1. This is one of the test cases in which the same question has been argued, namely the right claimed by plaintiff, the Maharaja of Hill Tipperah, to assess the niskar (rent-fee) tanks situated in his Chakla Roshanabad. Tne plaintiffs' suits have been dismissed in the other appeals, and the suit giving rise to the present appeal was dismissed by the first Court but the Sub Judge has reversed that decision. Hence the defendants, the niskardars, are the appellants before this Court. In the opinions already expressed in my judgment in Maharaja Birendra Kisore Manikya Bahadur v. Akram Ali 13 Ind. Cas. 513 this appeal must succeed.
2. The plaintiff's suit is not maintainable because his right to assess rent on the niskar tanks has not accrued It cannot, therefore, be defeated by reason of the twelve years' rule of limitation.
3. The Subordinate Judge has discussed the defendant's title as derived from the sanad chitti granted by the plaintiff's predecessor in the year 1866. I attach no importance to the fact that this sanad was not produced in the trial of the present suit. It is common ground that the sanads set up or produced in this litigation were of the same type, and we have the specimen in Mharaja Birerdra Kishore Manikya Bahadur v. Akram Ali 13 Ind. Cas. 513. The sanad chitti merely gave permission to re-excavate an old tank: nothing was said as to rent having been paid in the past or being payable at any future time. The plaintiff is estopped from claiming any rent so long as the tank is used for the purposes contemplated by the parties in the year 1866.

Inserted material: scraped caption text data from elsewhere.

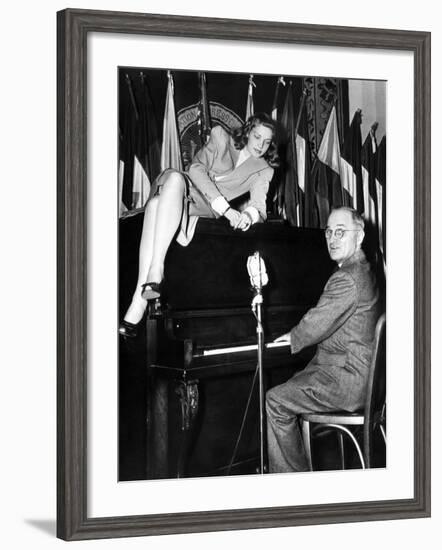 Actress Lauren Bacall Sits Atop the Piano While Vice President Harry Truman Plays-null-Framed Photo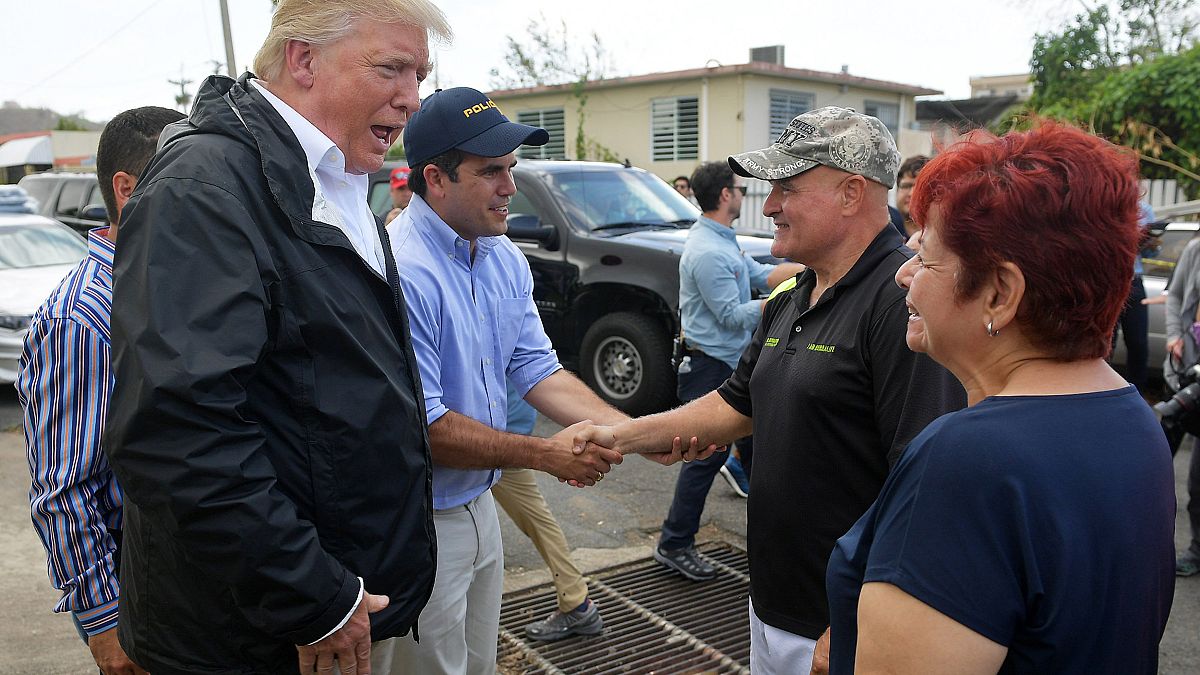 Image: U.S. President Donald Trump chats with residents in a storm damaged 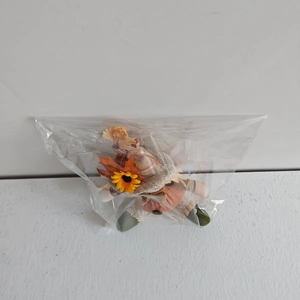 Close-up of Thanksgiving scarecrow doll with maple leaf and sunflower details in packaging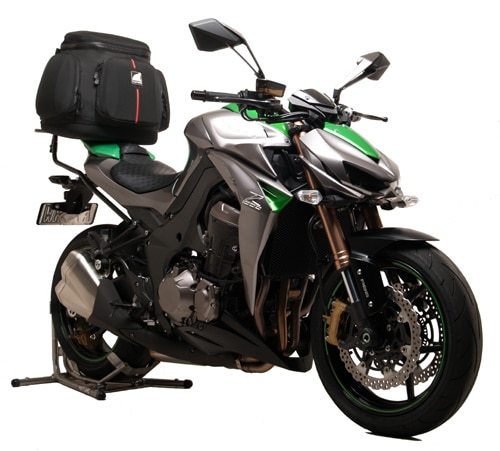 The image features the Ventura EVO-12 Bike-Pack Kit for the Kawasaki Z 1000 ABS/Ninja (14 ->) with a black and orange EVO-12 bag. It highlights the mounted Evo-Rack and accompanying L-Bracket with screws, showcasing seamless integration for your biking adventures.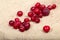 Scattering of the frozen cranberry berries on a sacking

4. The appeal is allowed with costs here and heretofore. The plaintiff's suit is dismissed.
D. Chatterjee, J.
5. This case is very similar to Maharaja Birendra Kishore Manikya Bahadur v. Akram Ali 13 Ind. Cas. 513 and the reasons given in my judgment in that ease apply. It is true that the sanad has not been filed in this case but it was filed in the previous cases between the ancestors of the defendants and the Maharaja and his ijaradars and also before the Settlement Officer and was to the same effect as in that case. The said previous litigation seems to throw some light on the question in controversy in this ease. The ijaradars under the Maharaja having dispossessed the defendant's ancestor of some lands covered by the tank with its banks encroachments on the khas lands of the mehal the latter brought a possessory suit and got a decree. The ijaradars brought a regular suit and the Court held the lands were included in the sanad. After that--in 1874--the Maharaja brought a suit for the resumption of some lands said to have been encroached upon by the defendant in excess of the land covered by the sanad and that suit was dismissed on the same ground. Evidently, the Maharaja thought that no claim could be made for the sin d lands.
6. This appeal must, therefore, be decreed with costs.